Maybe not boost clocks, but every arm system I've used supports some form of frequency scaling and behaves the same as any x86 machine I've used in comparison. The only difference is how high can you go... /shrug
This could be tested even on the existing desktop hardware, by disabling "Turbo" in the BIOS settings, so that the Intel CPU would run at the base clock frequency, providing a lower, but stable and predictable performance.
14th gen intel have "big" and "little" cores. Unless you specify to pin cores in the VM, if at any point the virtualization swaps cores then your X86 performance on Intel goes down the drain.
Also laptop perfomance is incredibly suspect. Not only does cooling, etc have huge effects, but Intel is clearly behind AMD since many years (14th gen is a refresh of an old architecture).
Laptop benchmark: https://www.phoronix.com/review/snapdragon-x1e-september
Server benchmarks: https://www.phoronix.com/review/ampereone-a192-32x/12 https://www.phoronix.com/review/google-axion-c4a/5
Based on server performance while ARM is making strides, AMD still has the performance crown.
Its possible ARM is a better architecture. But a lot of benchmarks end up stressing one part of the system more than any other. And if thats the case, faster RAM or faster syscalls or faster SSD performance or something could be whats really driving this performance difference.
The biggest reason I still keep a Xeon and Threadripper server around is NVidia support.
But you’re not going to do that in a lab/personal machine, usually.
1. ARM64 is actually less "smart" than x64. While Intel's Core i9 tries to be clever by aggressive boosting and throttling, Snapdragon just delivers steady and consistent performance.
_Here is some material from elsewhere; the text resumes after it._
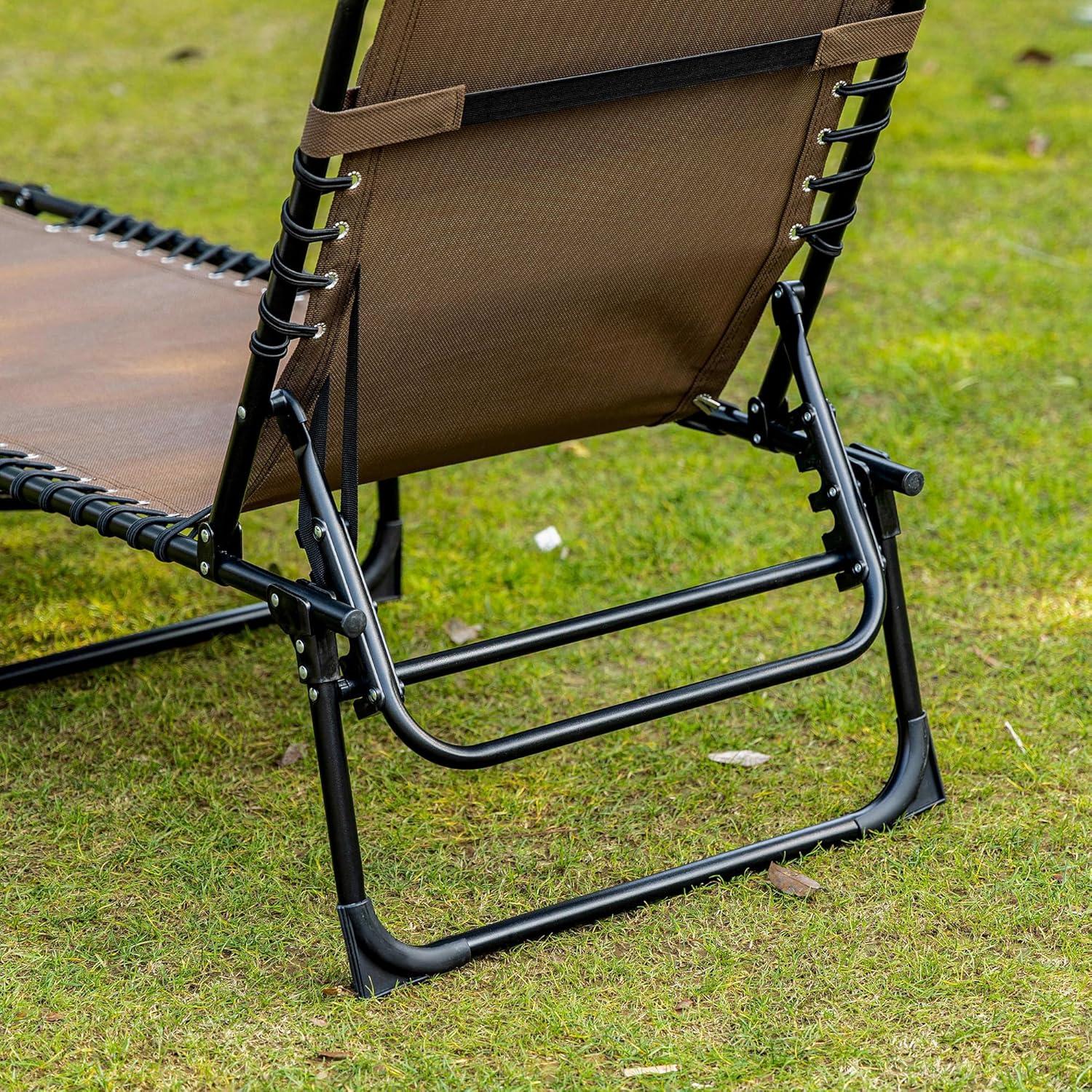 Silla Reclinable Exterior Outsunny Plegable 5 Posiciones Marrón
This lack of variability makes it easier for the OS to schedule tasks.
2. It is possible that the ARM build is more efficient than the x64 build, because Windows has less historical clutter on ARM than x64.
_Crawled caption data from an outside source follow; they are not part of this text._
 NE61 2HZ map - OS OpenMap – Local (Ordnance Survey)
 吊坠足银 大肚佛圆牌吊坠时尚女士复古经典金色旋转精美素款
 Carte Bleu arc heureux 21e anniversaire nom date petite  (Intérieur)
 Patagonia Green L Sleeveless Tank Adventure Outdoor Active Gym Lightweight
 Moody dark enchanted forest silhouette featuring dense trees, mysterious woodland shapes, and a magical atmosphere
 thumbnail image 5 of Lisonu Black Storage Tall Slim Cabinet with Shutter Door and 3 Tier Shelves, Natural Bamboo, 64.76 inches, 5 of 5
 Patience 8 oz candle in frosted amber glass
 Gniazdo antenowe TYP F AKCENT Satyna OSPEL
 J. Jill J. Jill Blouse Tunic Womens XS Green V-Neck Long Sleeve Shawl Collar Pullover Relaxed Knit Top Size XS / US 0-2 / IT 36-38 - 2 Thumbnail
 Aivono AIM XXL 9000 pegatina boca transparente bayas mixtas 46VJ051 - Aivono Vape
So, has CPU throttling become too smart to the point it hurts?
The x86 server CPUs, like AMD Epyc or Intel Xeon, have a lower range within which the clock frequency may vary and their policies for changing the clock frequency are less aggressive than for desktop CPUs, so they provide a more constant and predictable performance, which favors multi-threaded workloads, unlike in desktop CPUs, where the clock frequency control algorithms are tuned for obtaining the best single-thread performance, even if that hurts multi-threaded performance.
> The x86 server CPUs, like AMD Epyc or Intel Xeon, have a lower range within which the clock frequency may vary and their policies for changing the clock frequency are less aggressive than for desktop CPUs
Probably we need to compare Xeon/EPYC with something like AWS Graviton or Ampere Altra to get an accurate picture here. That said, I think "Windows Server works fast on Snapdragon" is both crazy and fascinating; I wasn't even sure if that was possible.
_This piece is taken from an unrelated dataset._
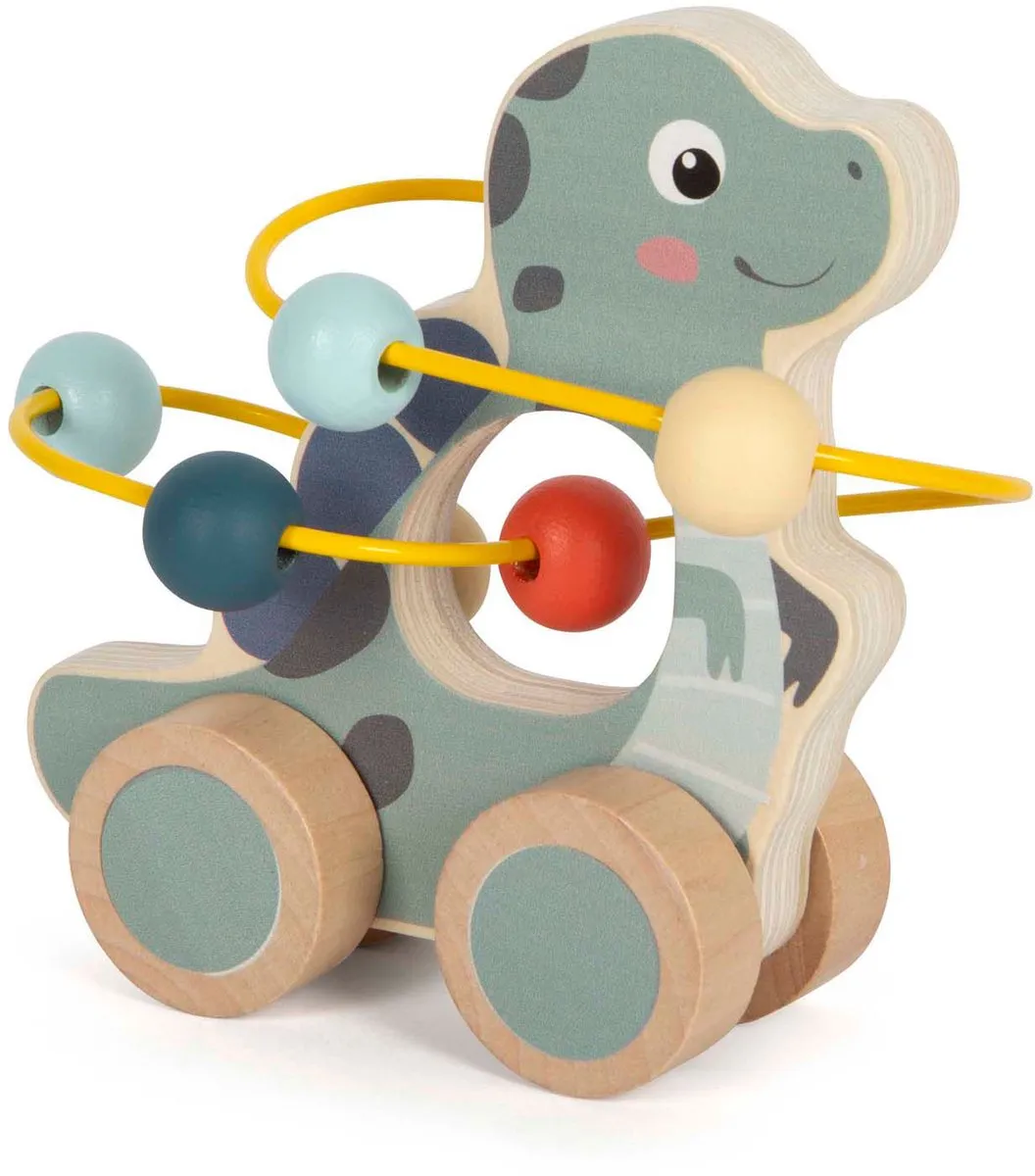 Small Foot Houten Duwfiguur Dino Motoriekspiraal - Multicolor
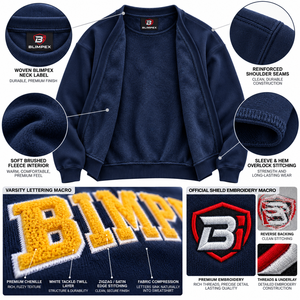 OEM Custom Unisex Oversized <b>Fleece</b> Sweatshirt <b>Navy</b> Collegiate Varsity Hooded Pullover 100% Cotton Spring - Product Image 5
Not clear how both Amd and Intel not only lost the smartphone fight but also lost in their own field (aka servers, laptops, desktops)
15 years ago if I told you that windows would be running better on ARM you would call me crazy.
Apple A18 Pro (Q1 2026): Multithread 11977, Single Thread 4043
Intel Core i5-1235U (Q1 2022): Multithread 12605, Single Thread 3084
--
On the high-end we got i9-13900KS at about 60k, M5 Max 18 scores about the same. But when you move on to server CPUs like Threadripper and EPYC things are about 3x faster.
Lets see if the brand new Arm AGI changes this situation in a few months.
browserbench speedometer 3.0 on A18 pro - 33, Intel Core i5-1235U - 22
i9-13900KS gets about 33
M4 Pro - 44-50
There still are applications where ISA matters, like technical/scientific computing, where the performance can be dominated by array operations or operations with big numbers. For such workloads the x86 CPUs with AVX-512 can provide a performance per watt and per dollar that cannot be reached by the current ARM-based CPUs.
However, reading the summary left me confused like you don't understand what's happening at Microsoft.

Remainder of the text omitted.